> What to do
Return exactly the lines from the "Miniatura 43 de" line through the last line of the entries below. Include no pictures.

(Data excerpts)

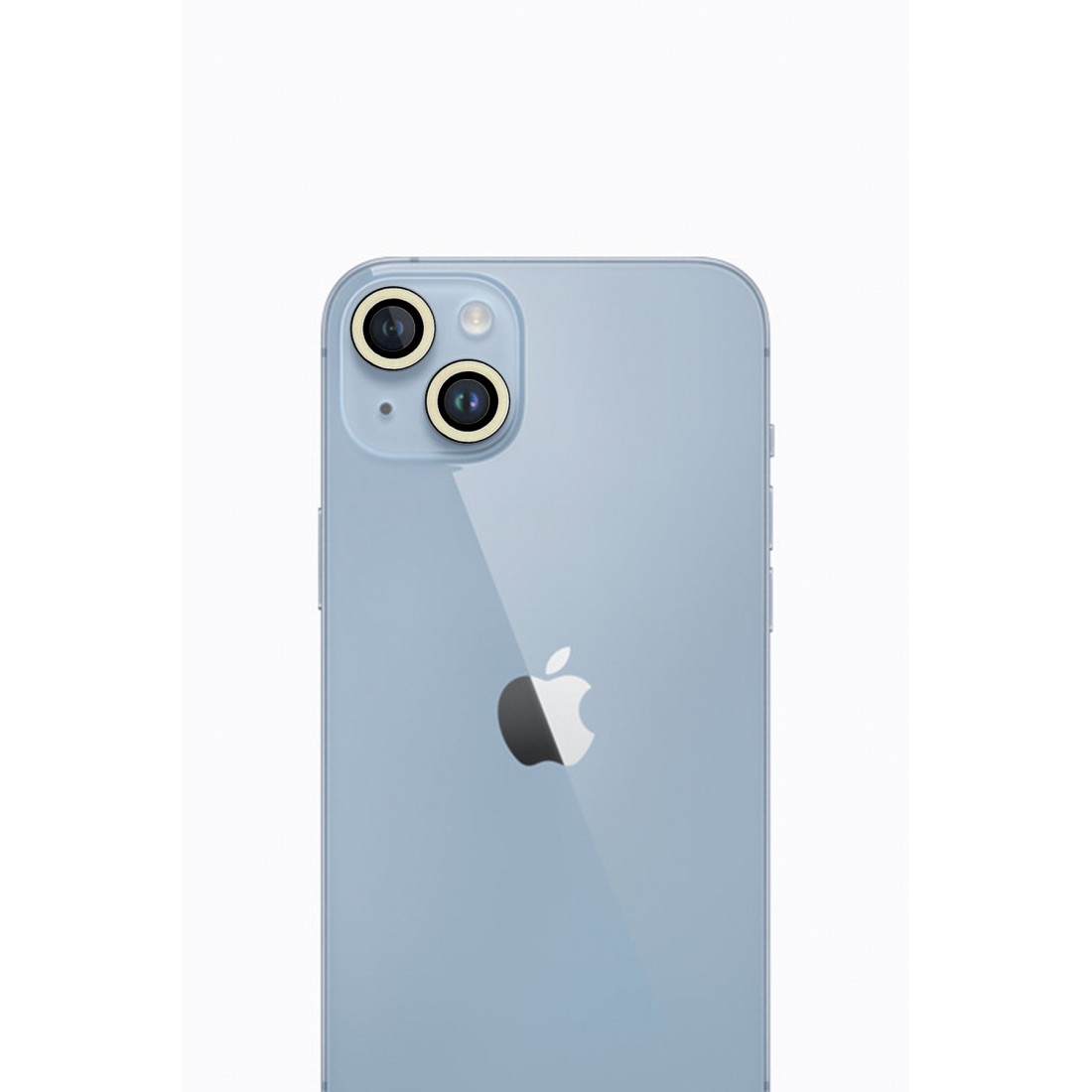  iPhone 13 Mini Neon Fosforlu Kamera Lens - Beyaz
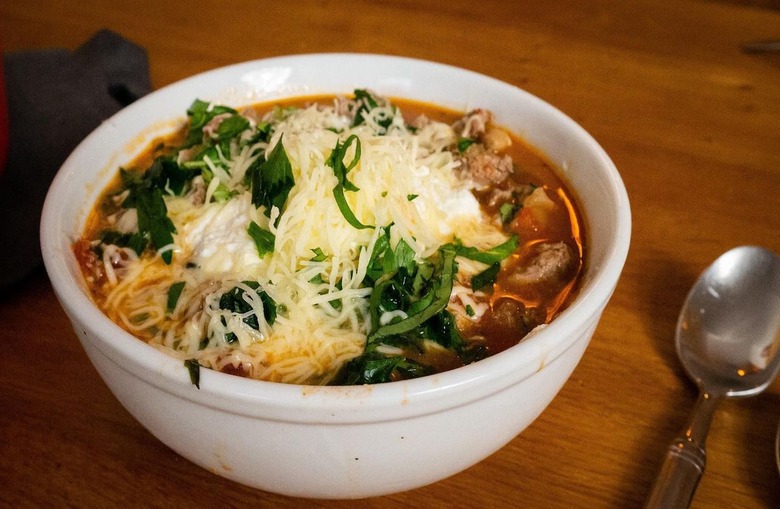 Chicken Parm Chili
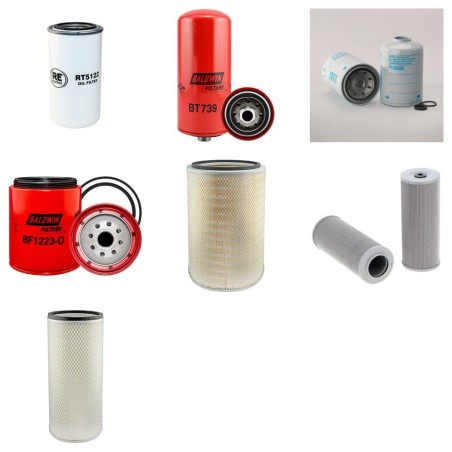LIUGONG CLG 856 II Filter Service Kit w/Cummins QSB5.9-C220 Eng.   YR  2007-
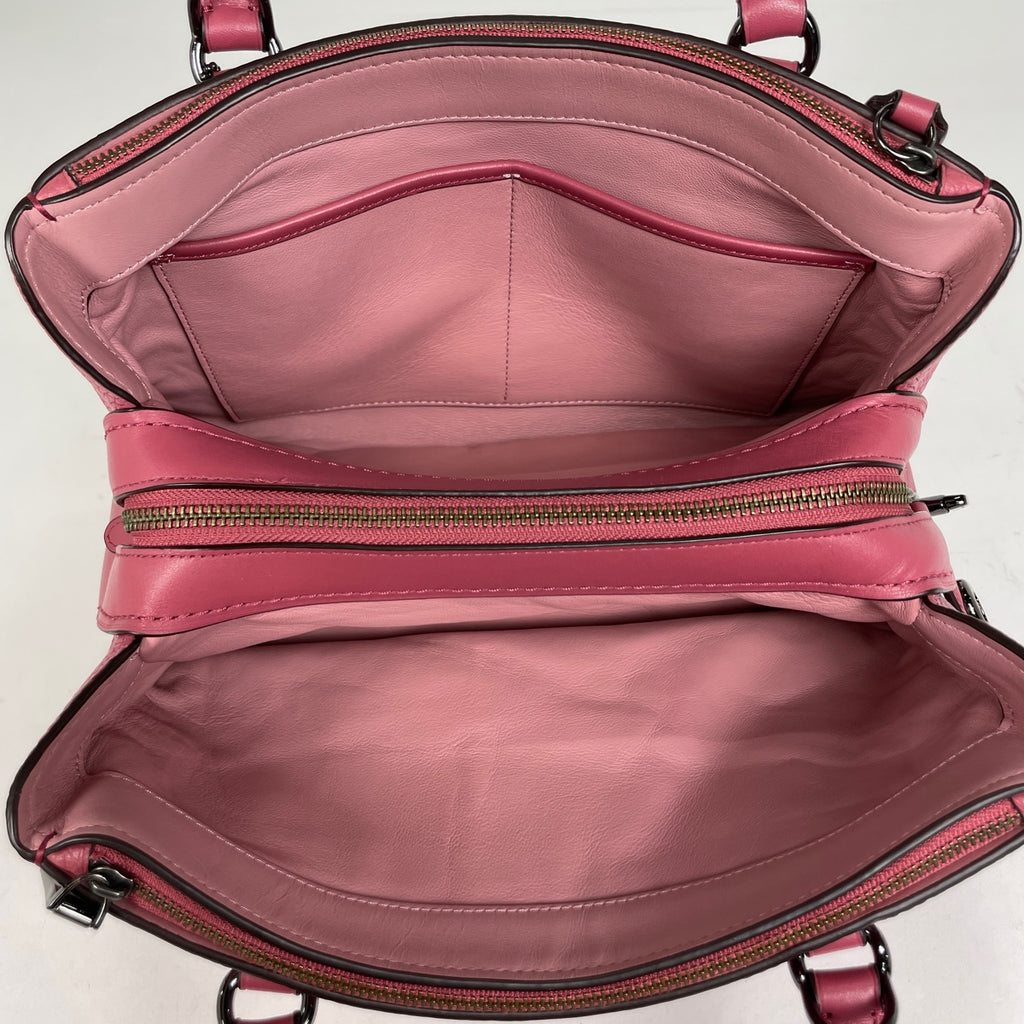 コーチ ブルックリン キャリーオール トートバッグ ロゴ ハンドバッグ レザー ピンク 56839 レディース 【中古】brbag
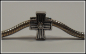 Preview: European Bead "Kreuz"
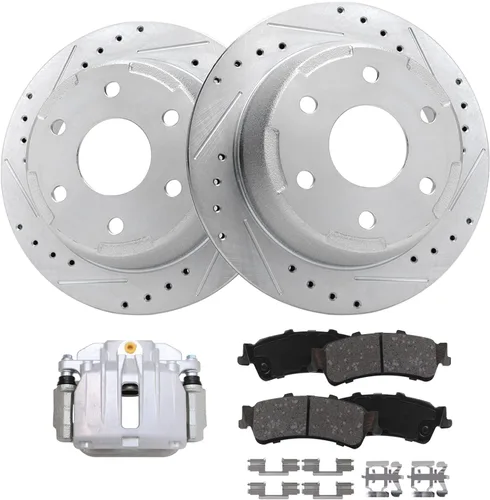 Miniatura 43 de Detroit Axle - Rotores de freno para Ford Mustang 2015, 2016, 2017, 2018, 2019, 2020, 2021, 2022, 2023, repuesto de rotores de freno de disco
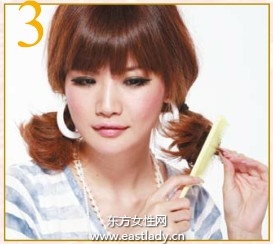 海军风俏皮小辫子清新感十足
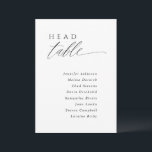 Modern Elegant Wedding Seating Chart Head Table Invitation<br><div class="desc">Head Table Card for Modern Elegant Wedding Seating Chart Cards: This is the matching head table card for those who want to use a head table in their wedding seating chart.</div>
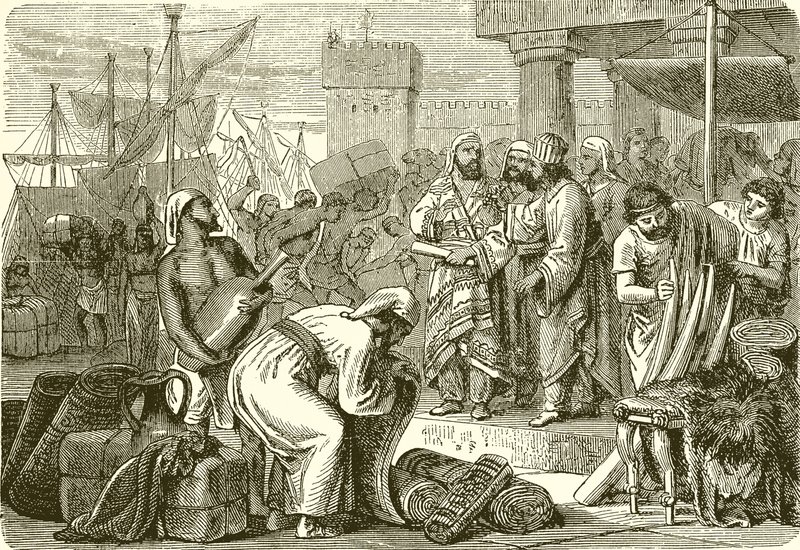 Marchands et commerçants phéniciens - English School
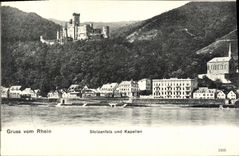 VINTAGE POSTCARD Gruss Vom Rhein Stolzenfels Und Kapellen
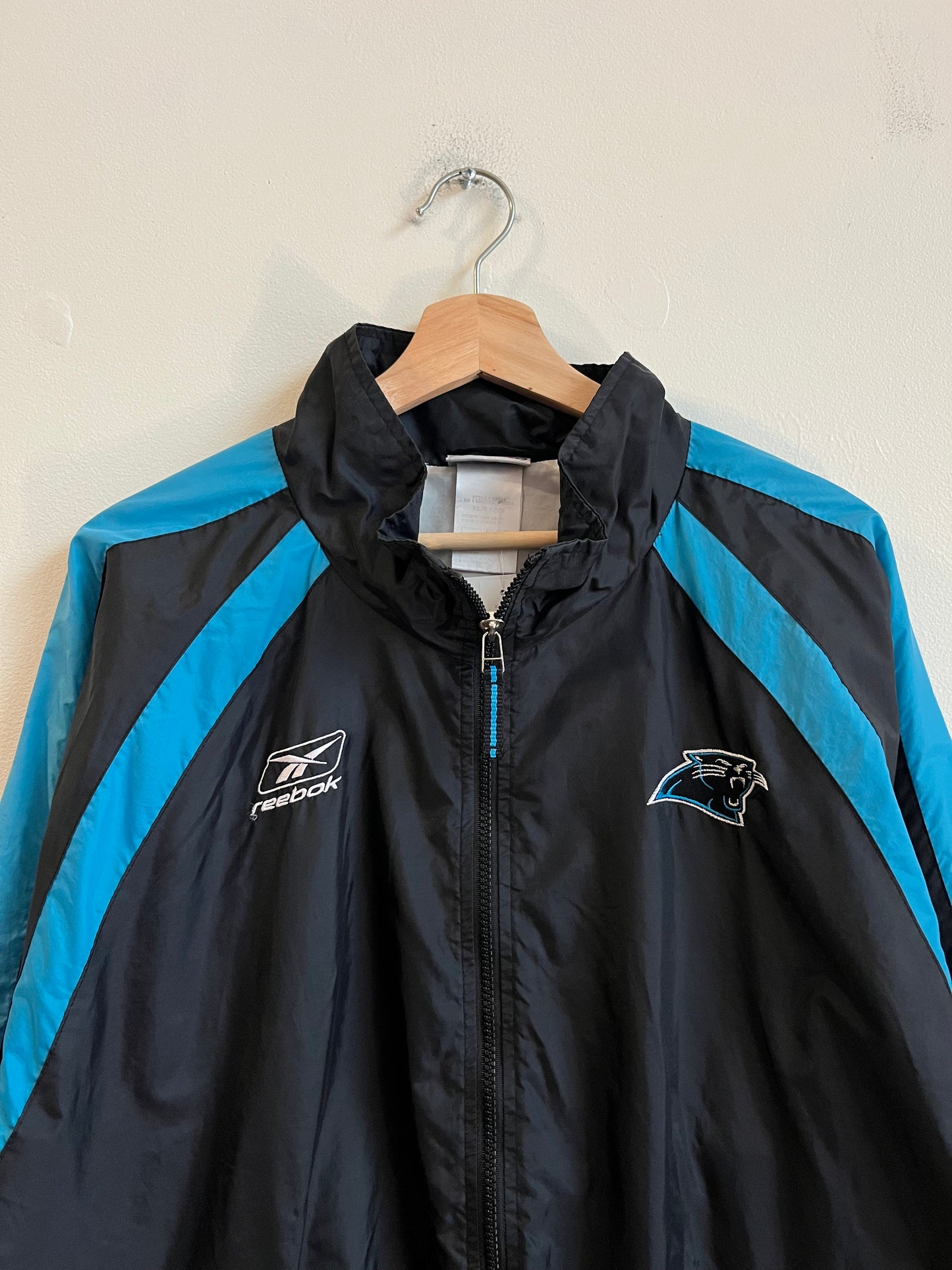 00s Carolina Panthers NFL Reebok Two Tone Windbreaker (XL)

> Expected answer
 Miniatura 43 de Detroit Axle - Rotores de freno para Ford Mustang 2015, 2016, 2017, 2018, 2019, 2020, 2021, 2022, 2023, repuesto de rotores de freno de disco
 海军风俏皮小辫子清新感十足
 Modern Elegant Wedding Seating Chart Head Table Invitation<br><div class="desc">Head Table Card for Modern Elegant Wedding Seating Chart Cards: This is the matching head table card for those who want to use a head table in their wedding seating chart.</div>
 Marchands et commerçants phéniciens - English School
 VINTAGE POSTCARD Gruss Vom Rhein Stolzenfels Und Kapellen
 00s Carolina Panthers NFL Reebok Two Tone Windbreaker (XL)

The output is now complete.